Constraint Programming (CP) is a field of mathematical programming which focuses on finding feasible solutions subject to some given constraints. Theoretically, it is as hard as mixed integer programming (MIP). The most prominent differences are:
- CP algorithms use a search tree similar to MIPs but often they don’t solve LP relaxations. They use advanced constraint propagation techniques instead of solving LP relaxations as the foundation of the search process. Basically, they branch-and-propagate the branching variable bound change, using more sophisticated propagation schemes than those used in presolve and probing routines of a MIP solver. For many problem classes, this is less powerful than solving a continuous relaxation of the model, since the solution of a continuous relaxation can guide the search and provide dual bounds. However, the propagation schemes can be effective when the relaxation is extremely time consuming to solve or when the combinatorial structure of the model gets lost in the relaxation.
- CP engines have sophisticated modeling objects that are more elaborate than Gurobi’s SOS, piecewise linear functions, and general constraints. This is useful in several ways, but it is also the reason why CP requires a great deal of expertise to be used effectively.

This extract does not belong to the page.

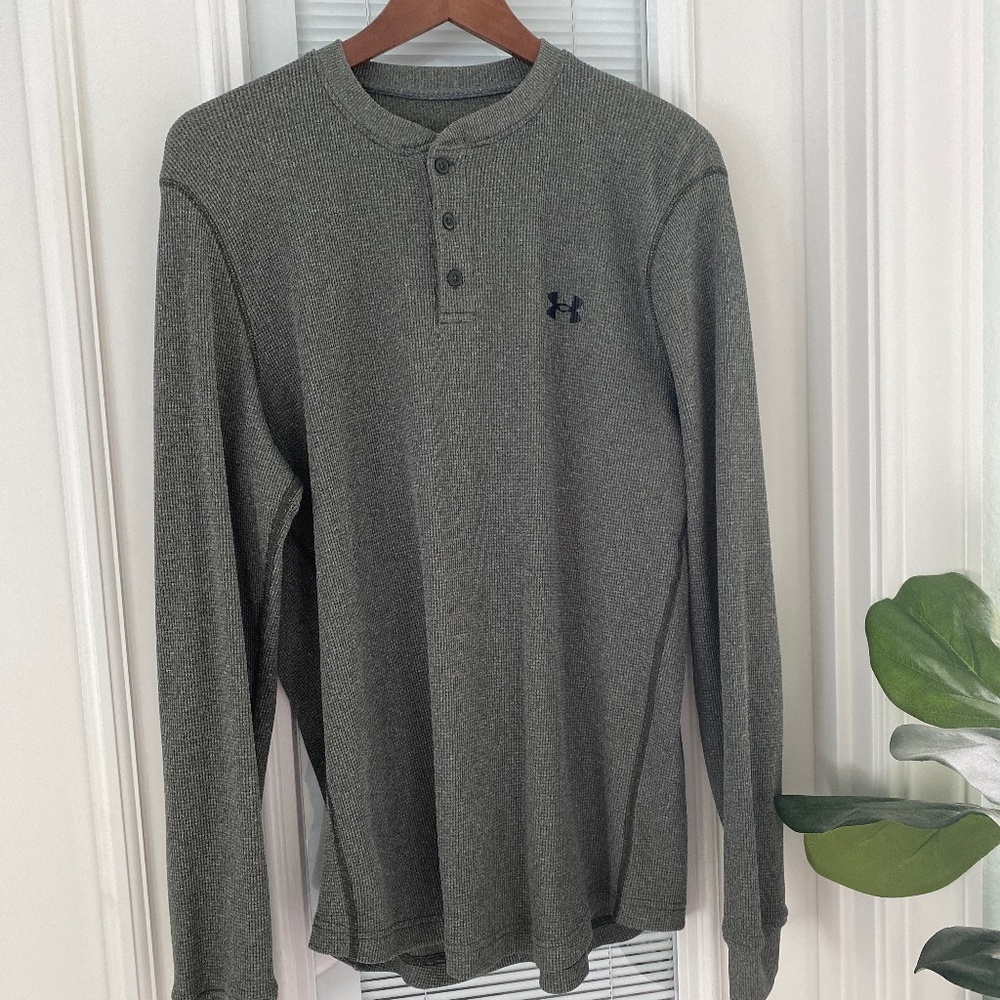 Mens Under Armour Olive Waffle Knit Henley Sz M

- CP Solvers can complement MIP solvers. They may be effective at finding good heuristic solutions that can improve MIP solver performance, particularly with respect to a first feasible solution.
- CP solvers perform well on, e.g., loosely constrained discrete sequencing problems with disjunctive constraints (for example, job shop scheduling) where the LP relaxation is often weak.
- CP solvers are less effective on models with a significant number of continuous variables and are often limited to purely discrete problems.
- CP solvers are more brittle compared to MIP solvers as a small change to a CP model (for example, adding a constraint) can drastically impact the ability of the CP solver to find good solutions.